Rosarot
Ronces barbelées
Les fleurs d’aubépine sont roses
Leur sang a séché
Ronces barbelées
Les fleurs d’aubépine sont roses
Leur sang a séché
Les stelles. Rouelle de
La peinture. Dans mon coeur, elles
Sont cristal de roche
Le buis se meurt de
Peste, ainsi que ces roses
Anciennes.

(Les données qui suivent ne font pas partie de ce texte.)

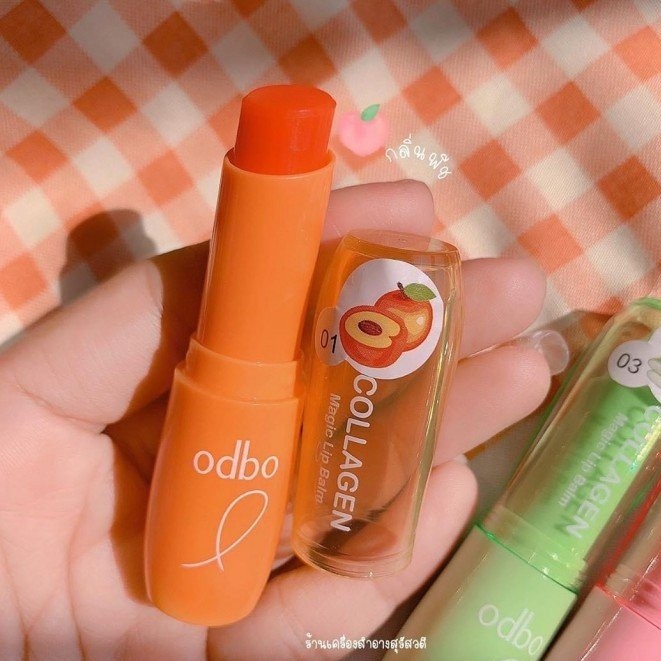 Son Dưỡng Có Màu Odbo Collagen Magic Lip Balm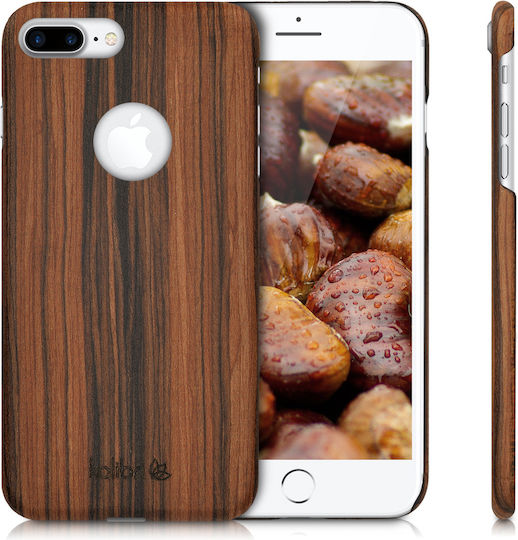 Kalibri Hülle Rückseite Hölzernes Braune Für iPhone 8/7 Plus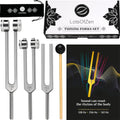 Tuning Forks for Healing Set (128Hz, 256Hz, 512Hz) - Essential Yoga and Meditation Accessories & Sound Therapy Devices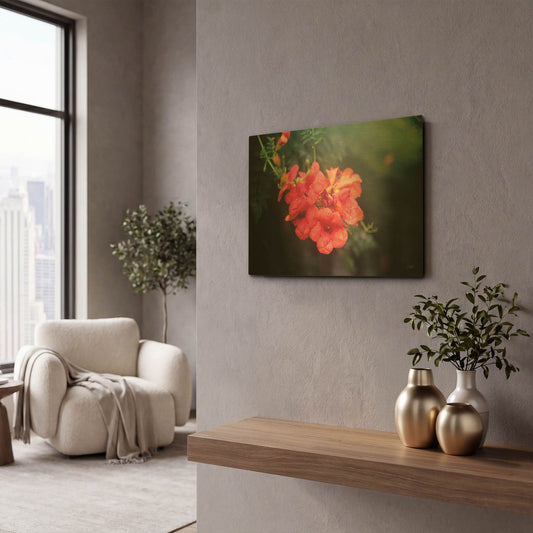 'Summer Rain' By Donnie Quillen Gold Metal Wall Art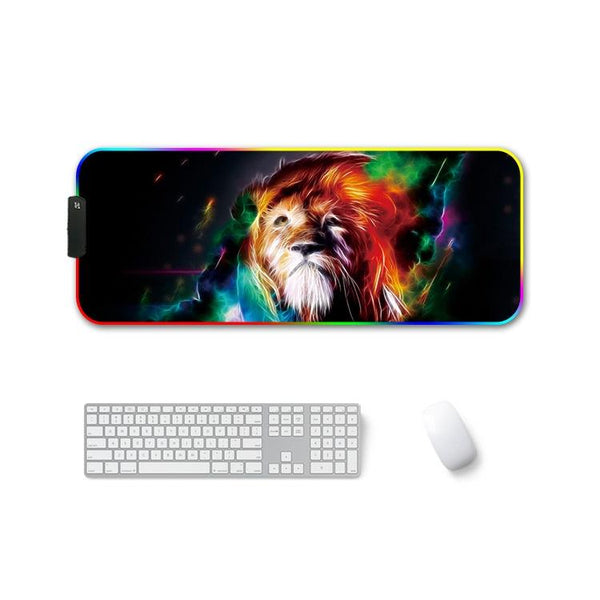 Rgb Non Slip Mouse Pad With Thermal Transfer Vast Starry Sky Mouse Pads & Wrist Rests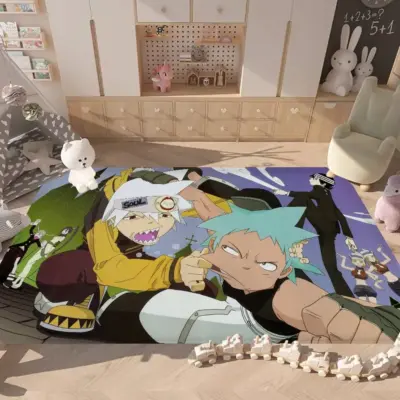 Soul Eater Funny Soul Evans and Black☆Star Rug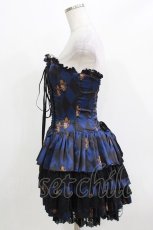 画像2: ATELIER PIERROT / "Diamond Circus"ミニコルセットワンピース  紺 H-26-03-22-035-EL-OP-KB-ZH (2)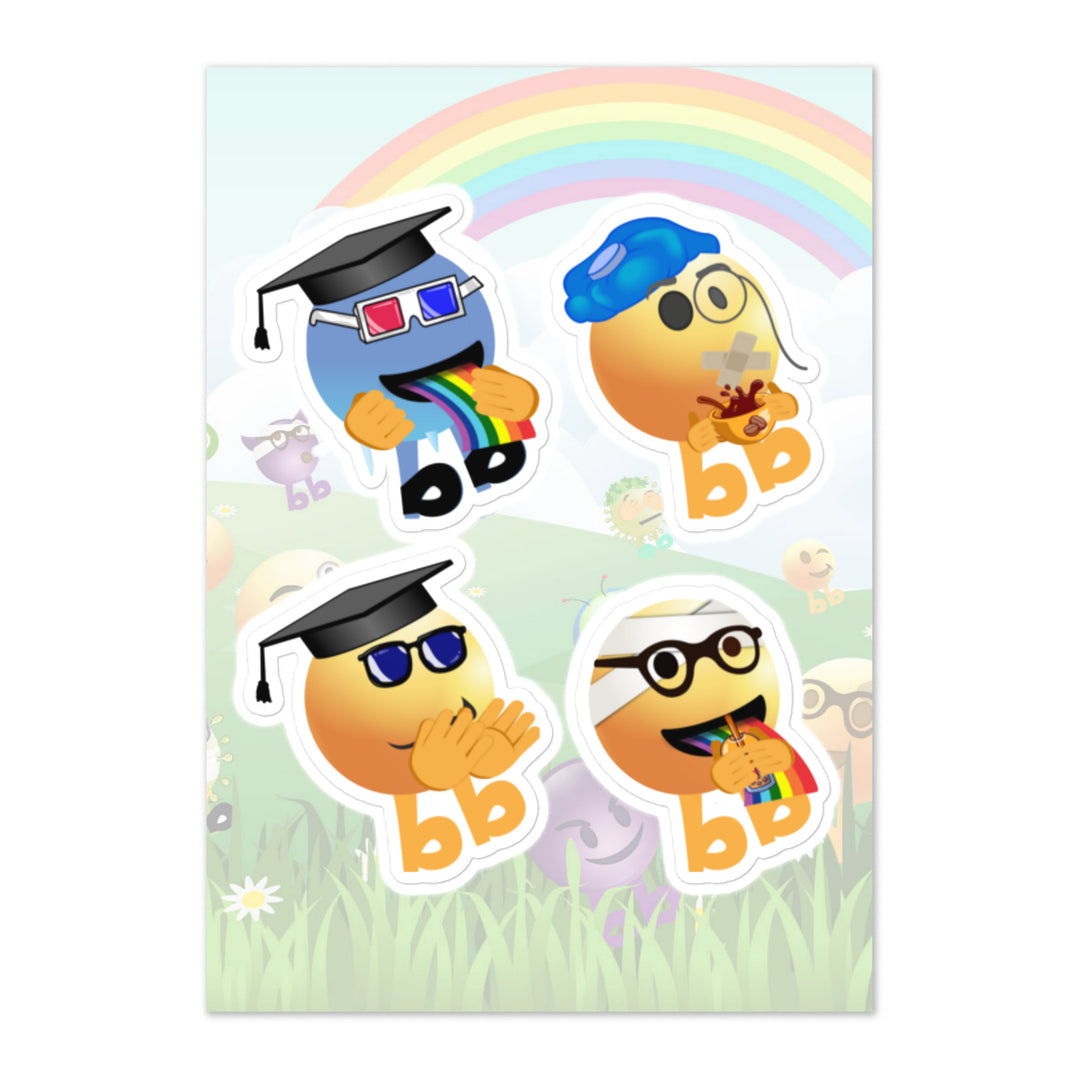 Megabb PaPa Stickers - Emojibb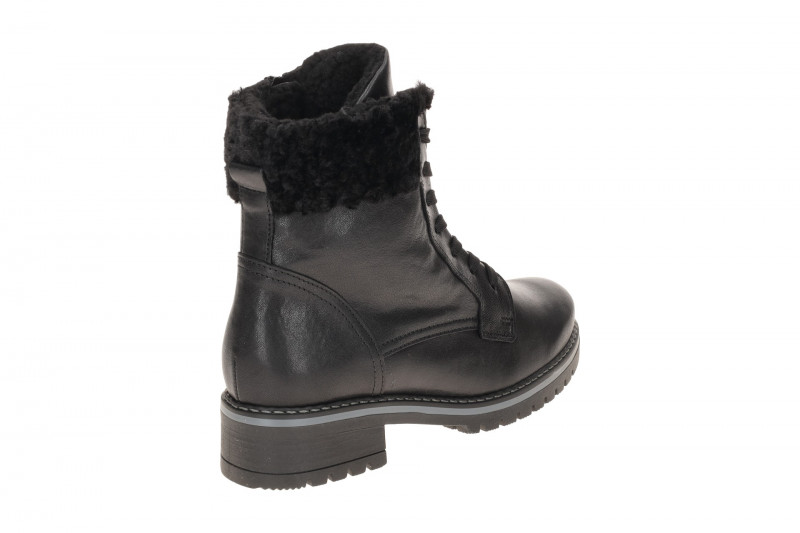 Gabor Stiefelette schwarz Fellkragen Warmfutter 72.776.57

Déploration
Was du warst, ein Stück,
Och, Gott, wo knien, Rosa
War Dein Meisterwerk
Le laisser filer
Haut, petit scion adossé
Au buisson, rosa
Je souffle.
La surface de la photeau se trouble.
La photo.
Rosa se ride.
Je souffle, elle grandit, je souffle.
Il ne reste plus de peau sur l’os.
Un lambeau rose, presque.
Il pend comme un vieux rideau, fenêtre d’une orbite, la vitre a volé en éclat.

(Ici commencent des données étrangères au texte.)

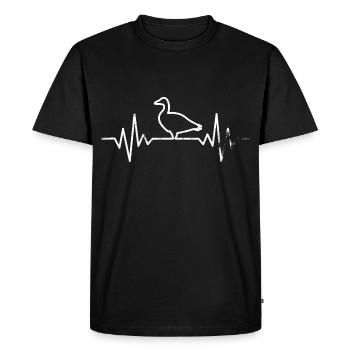 Duck - Men's Premium Organic T-Shirt - black - Front - Nico (187cm)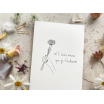 Papillonnage - carte postale - et t'écrire encore que je t'embrasse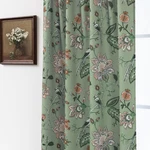 Sage Green Floral Printed Curtains,vintage Cottage Core Light Pink Flower Lea... New. Price: $60.60.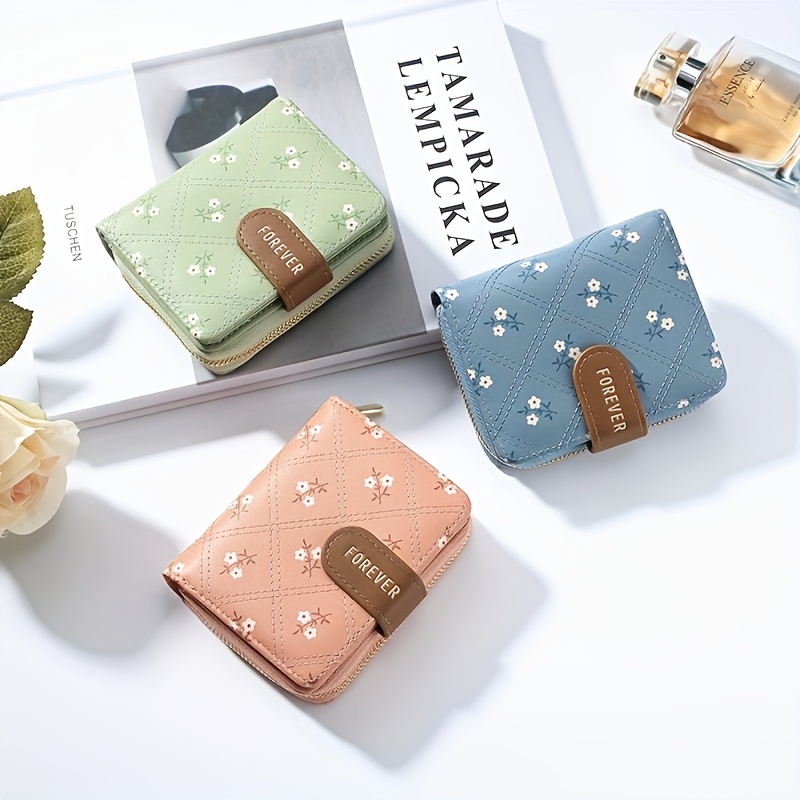 Simple Argyle Pattern Short Wallet, Solid Color Clutch Purse, Women's  Classic Credit Card Holder - Temu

Tempête dans un verre d’eau.
Ne plus souffler.
Juste une buée tiède, de bouche à joue.
Le sortilège, le haut d’une pommette, qui rougit.
Rosa, pomme d’api.
Le temps, retourné, ruban de Möbius,
La paix, sur le petit papier noir et gris.
La photo est une photo comme il y en a tant, petit portrait en pied, Rosa, un pied sur l’autre, qui fait la cigogne, papier dentelé, il manque quelques dents, au sourire de Rosa aussi, comme à ces vieux peignes de corne du passé, un visage, et son hésitation, sérieux, et joyeux, mêmement, Rosa pose, et puis oublie, le passé a quatre, cinq ans, peut-être, je ne sais pas, au dos, la date au crayon.
À demi effacée.
Je lisse du doigt le ruban qui ceint sa tête, ailes froissées d’un petit papillon de soie.
Un soir, le ciel, sang
Aux joues, dragée des pétales
D’une pivoine crème, rouge
À peine, en filet,
Contour de son calice au
Pinceau, un obi.
Légère, mesure t-on le poids infinitésimal du souvenir, et transparente, comme du verre, la mémoire, des couleurs sans chair, les gens, de maintenant au noir et blanc, des gens de papier aplati, que je touche, comme je ne les ai jamais touchés, une forcenée.